The author of both of these pieces makes one naive assumption, however: the government is a wholly good force that will never, ever, even imagine using those back doors they’re so keen to get for anything other than capturing the worst of all possible criminals, terrorists, and the like.

They would never, for instance, turn anything learned through surveillance towards just general, wide scope searches, right? No, no-one would ever turn information gathered for national intelligence use over to ordinary police forces for prosecution of other things, right? Except when they do, of course.

A while back, we noted a report showing that the “sneak-and-peek” provision of the Patriot Act that was alleged to be used only in national security and terrorism investigations has overwhelmingly been used in narcotics cases. Now the New York Times reports that National Security Agency data will be shared with other intelligence agencies like the FBI without first applying any screens for privacy.

Nor would this sort of information ever be used for tracking the attitudes of children, right?

For example, the FBI says it doesn’t want to limit students’ freedom of speech. Yet the document makes clear that the Bureau essentially expects teachers and administrators to monitor and report on students’ thoughts. It encourages school officials to identify students who “engage in communications indicating support for extremist ideologies” or who are “curious about the subject matter” of extremism. But in the United States, holding beliefs and researching ideas, even extreme ones, are not crimes, and schools should be environments where inquiry — including about controversial topics — thrives.

Sure, we all want to see criminals caught. Sure, we all want to protect people. But there are many sides to security; sometimes breaking security, or allowing anyone with the right “badge” to break security, can be used for immoral things, too. We can’t forget that people can get hurt by allowing a government, any government, to dictate what can and cannot be encrypted, how strong the encryption is allowed to be, and who is allowed to break the encryption.

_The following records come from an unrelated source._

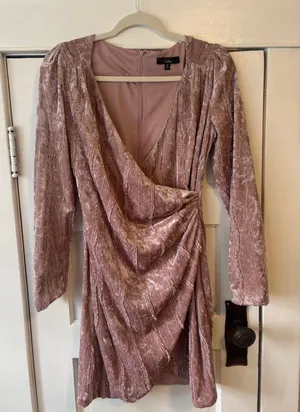 Lulu's Dusty Pink Velvet Wrap-Front Long Sleeve Dress thumbnail 1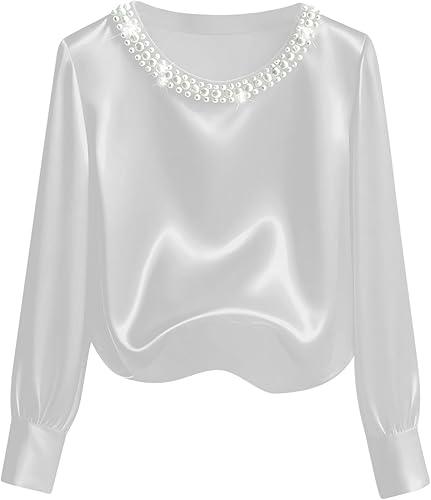 Women's Pearl Decor Silk Satin Tops Long Sleeve Crewneck Blouses Dressy Casual Business Work Shirts
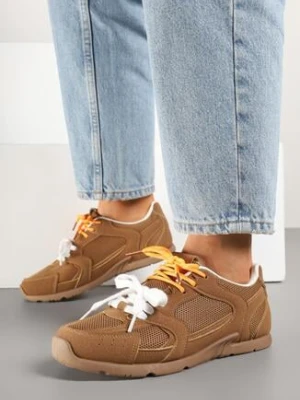 Brązowe Sneakersy z Dwoma Parami Sznurówek Silfita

This isn’t a one way street, with angel robed halo wearing people on one side, and black hatted horn wearing people on the other. Either way you go, someone is going to get hurt. In the end, the only real question is—will you remain free to choose, or not?

America, and each and every one of its citizens, is safer with strong encryption. The sophistication and number of cyber attacks on the security of individuals, businesses, government agencies, and critical infrastructure are only increasing. Now is not the time to mandate defective products with weakened security. Now is the time to double down on creating the best, most secures systems and devices. This is not only for our personal privacy and security, but also it is essential for our national security.

4 Comments

  1. Mike on 15 March 2016 at 9:25 pm

    Thanks for your take Russ.

    Without diving deep into paranoia, in the instance governments have an easy way out to break crypto … who is to say one or many of the governments won’t have a compromise of some magnitude that serves up those “universal keys” to the general public?

    Strong crypto without back doors is the BEST way to go for the BEST interests of ALL people and ALL nations/countries.
    Hinder governments from easily(?) committing “unreasonable search and seizure” violations [as outlined in the Fourth Amendment of the United States Constitution].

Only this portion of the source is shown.